• TASK OBJECTIVE
Print the data below exactly as it stands, and keep the pictures out.

• INFORMATION SHOWN
════

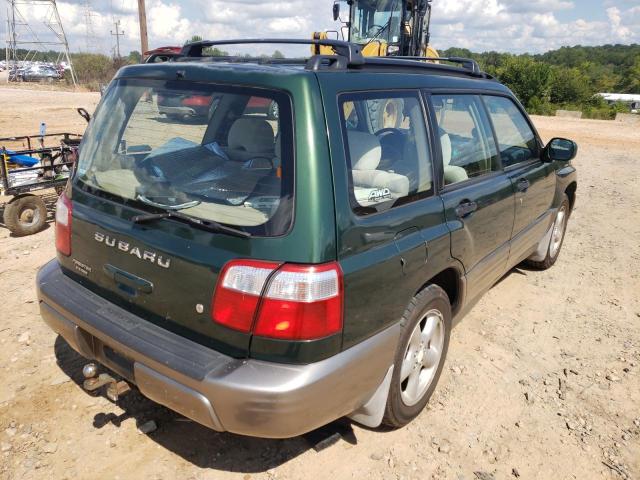 JF1SF65552G706542 - 2002 SUBARU FORESTER S GREEN photo 4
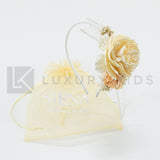 Cerchietto Con Fiore Grande E Nebbiolina Avorio Bambina SIENA 7328 - SIENA - LuxuryKids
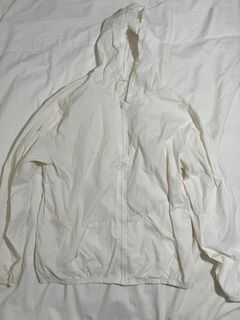 White Beige Windbreaker Jacket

════

• RESPONSE TO THIS TASK
 JF1SF65552G706542 - 2002 SUBARU FORESTER S GREEN photo 4
 Cerchietto Con Fiore Grande E Nebbiolina Avorio Bambina SIENA 7328 - SIENA - LuxuryKids
 White Beige Windbreaker Jacket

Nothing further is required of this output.